For simple adapters, the adapter may return common finding dictionaries directly
in AdapterResult.findings. The default normalizer converts those dictionaries
to the platform finding model.
return AdapterResult(
status="completed_with_findings",
exit_code=1,
raw_output={"tool_output": "..."},
findings=[
{
"id": "SECRET-001",
"title": "Possible committed secret",
"severity": "high",
"description": "A token-like value was detected in the repository."
}
]
)The raw tool output still goes into evidence/*.json; the report uses the
normalised finding fields.
Real tools often produce their own JSON, XML, or text output. In that case, keep the adapter focused on execution and place parsing logic in a normalizer.
Create a file in secplatform/normalizers/, for example
secplatform/normalizers/example_tool.py.
from secplatform.models import AdapterResult, Finding, ToolExecution, WorkflowStep
class ExampleToolNormalizer:
id = "example-tool"
adapter_ids = ("example-tool",)
capabilities = ()
def normalise(
self,
step: WorkflowStep,
execution: ToolExecution,
adapter_result: AdapterResult,
) -> list[Finding]:
return [
Finding(
id=f"{execution.id}-finding-1",
title="Parsed finding title",
severity="high",
description="Parsed from the tool-specific raw output.",
requirement_ids=step.requirement_ids,
step_id=step.id,
execution_id=execution.id,
evidence_file=execution.evidence_file,
mitigation=step.mitigation,
)
]Then register it in secplatform/normalizers/registry.py:
from .example_tool import ExampleToolNormalizer
NORMALIZER_CLASSES = {
DefaultFindingNormalizer.id: DefaultFindingNormalizer,
ExampleToolNormalizer.id: ExampleToolNormalizer,
}Normalizers are selected by adapter ID first, then by capability, then by the default normalizer.

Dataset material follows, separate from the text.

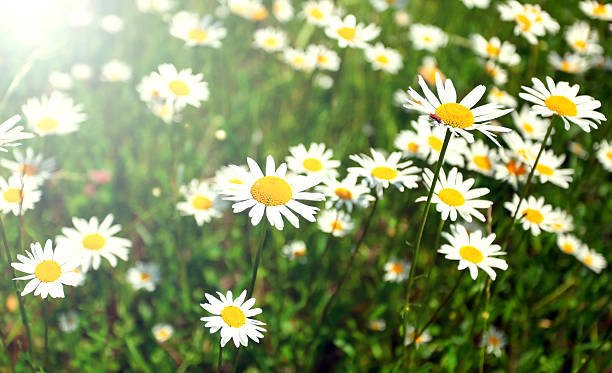 margarita flores blancas en el prado de verano brillante sol - lea fotografías e imágenes de stock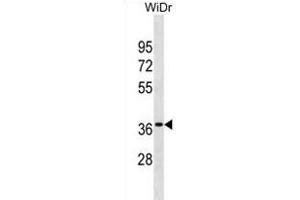 OR6K3 Antibody (N-term) (ABIN1881608 and ABIN2838717) western blot analysis in WiDr cell line lysates (35 μg/lane). (OR6K3 抗体  (N-Term))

The prototype intentionally has one report output: developer-readable XML. The
report generator lives in secplatform/reporting.py.
Change that file when the report needs different sections, names, ordering, or
traceability details. The report generator should consume the normalised
RunResult and WorkflowDefinition; it should not parse raw tool output.
Workflow steps can be written in terms of capability rather than a concrete tool. For example:
{
"id": "detect-committed-secrets",
"name": "Detect committed secrets",
"capability": "secret-detection",
"parameters": {}
}If adapter is omitted, the registry selects the first adapter that supports the
requested capability. To replace the tool, add/register a different adapter for
the same capability or change the explicit adapter field in JSON.
That is the S4 path: the workflow expresses what should happen, while the adapter decides how it happens.
The workflow stores the project target so repeated runs can be inspected later.
Local project:
{
"project": {
"source": "local",
"path": "/home/kali/example-project"
}
}GitHub or Git project:
{
"project": {
"source": "github",
"url": "https://github.com/example/project",
"branch": "main"
}
}The current prototype records this target. A later adapter can use it to clone, checkout, or scan the project.
- S1: requirements are structured JSON objects and steps can link to them by ID.
- S2: step parameters live in the workflow definition, not orchestration code.
- S3: adapters are isolated behind a stable
ToolAdapterinterface. - S4: steps express capabilities; adapter choice can be explicit or selected by capability.
- S5: each execution stores workflow snapshots, metadata, evidence, and reports.
- S6: findings include requirement, step, execution, and evidence references.
- S7: findings can carry mitigation guidance and references for user-facing reports.